Türklerin çocuğa atfettikleri değer, aynı zamanda onların kız ve kadınlara bakışlarını da yansıtır. Çocuğu olmayanların Tanrı tarafından lânetlendiği inancı hâkim olduğu için çocuksuzlar lânetlenirdi. Bundan kurtulmak isteyen anneler bir çocuğa gebe kalabilmek umuduyla dervişlere “adak” adardı. Kız olsun erkek olsun, çocuğun doğumu müjdeye değer bir olay olarak görülür, şenlikler yapılırdı. Ancak “baba adını yürüteceği” ve “aile ocağının közü” olacağı anlayışıyla erkek çocuğun kızdan üstün tutulduğunu belirtmek ilginç olacaktır.[26] Bu durumu, Türkler’in askeri ahlâk ve seciyelerinin bir sonucu olarak görenler bulunsa[27] da bazı edebi eserlerde bir kız çocuğunun dünyaya gelişinin hor görülme sayılması, cahili gelenekleri akla getirmektedir.
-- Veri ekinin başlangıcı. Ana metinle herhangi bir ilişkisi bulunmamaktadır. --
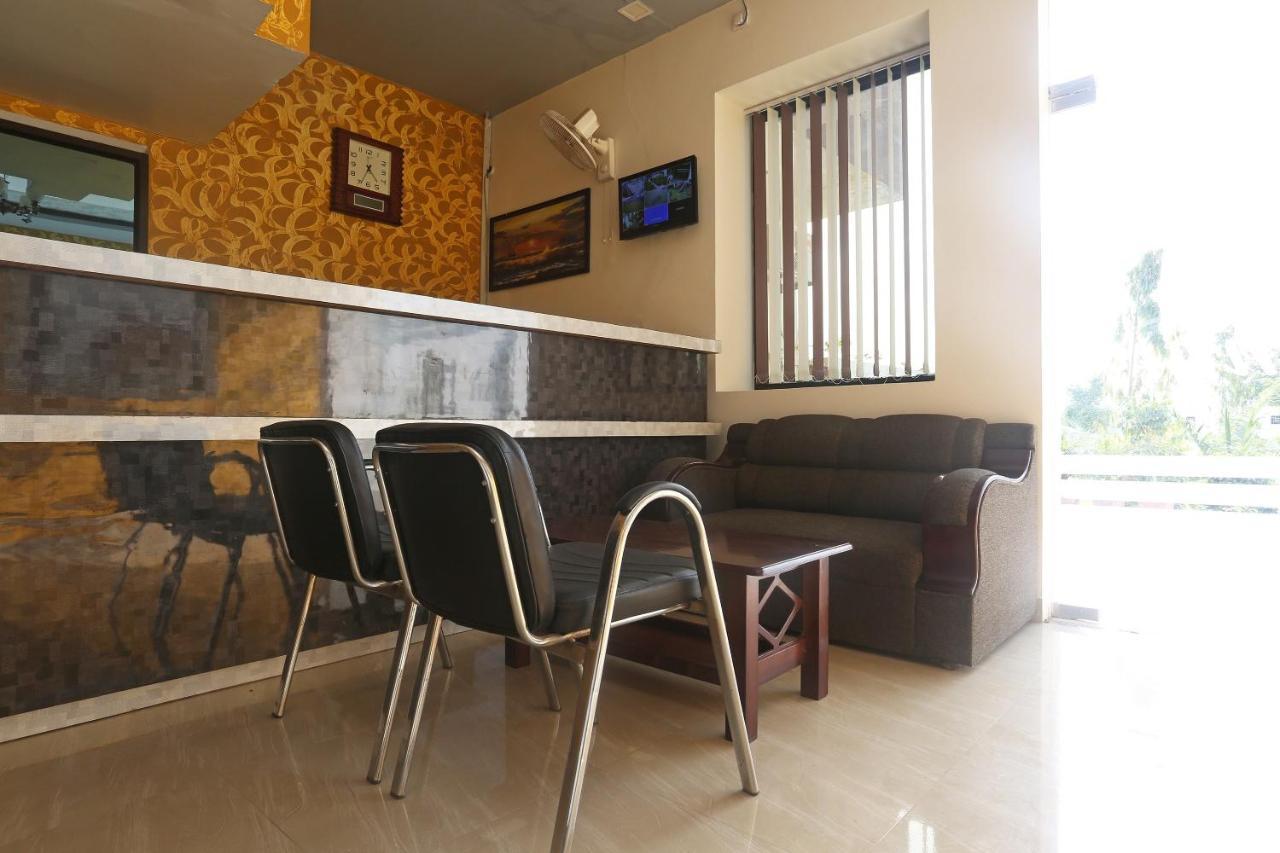 Oyo 18301 Hotel A-One Alwar Esterno foto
Yusuf Has Hâcib’in (vf./1070), Kitab-ı Dede Korkut’tan çok daha sonraları kaleme aldığı Kutadgu Bilig’de kız çocuğuna dair cahiliye zihniyetini çağrıştıran şu ifadeler görülmektedir:

“Ey dost arkadaş, sana kesin bir söz söyleyeyim; bu kızlar doğmasa, doğarsa yaşamasa daha iyi olur. Eğer dünyaya gelirse, onun yerinin toprağın altı veya evinin mezara komşu olması daha hayırlıdır”.[28]

Genelleme yapmak doğru olmasa da bu sözler, X. yüzyılın önemli bir şahsiyetinin bakış açısını yansıtmaktadır. Oysa aynı toplumın daha önceki dönemlerinde, bir kız evlâda sahip olabilmek için arkadaşlarına dua talebinde bulunan beyler vardı.[29]
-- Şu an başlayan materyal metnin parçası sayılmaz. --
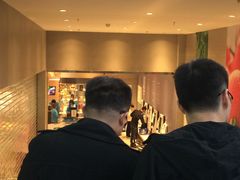 -盒马鲜生(红莲店)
Burada kadınların tarikat faaliyetleri hakkında kısaca bilgi vermek, onların bazı toplumsal faaliyetlerini izleyebilme imkânını bize sağlayacaktır. İlk olarak XIII. asırda kurulan tarikat ekollerinin kadınlar hakkında olumsuz kanaatlerinin bulunmadığı söylenebilir. İbn Arabi (vf. 1240) gibi mutasavvıflar, kadınlara dair olumlu fikirleriyle geniş ölçüde tüm tarikat ehlini etkilemiştir. O dönemlerde tarikata girmek isteyen bir kadın, tecrübeli ve ehliyetli bir kadın vasıtasıyla şeyhle tanışıp el alır veya şeyhi hiç görmeden aracı kadın tarafından tarikata kabul edilirdi. Bunlar kendi aralarında zikir meclisleri düzenledikleri gibi içlerinde, erkeklerin de katıldığı toplantılarda vaaz veren mürşideler vardı. Ancak kadın-erkek karma halvet ve zikirlere ulema hiç de sıcak bakmamaktaydı. Piri Türkistan Ahmed Yesevi’ye (vf.1166) nispet edilen Yesevilikte, önceden olduğu gibi kadınlar şeyhlere mürid oluyor, zikir meclislerine katılıyorlardı. Bu durum, katı bir ehl-i sünnet çizgisinde olan Horasan uleması tarafından hoş karşılanmayıp şiddetle eleştiriliyor ve kadınların katıldığı zikir meclislerinde Şeriat’ın hükümlerine uyulmadığı iddia ediliyordu.[30]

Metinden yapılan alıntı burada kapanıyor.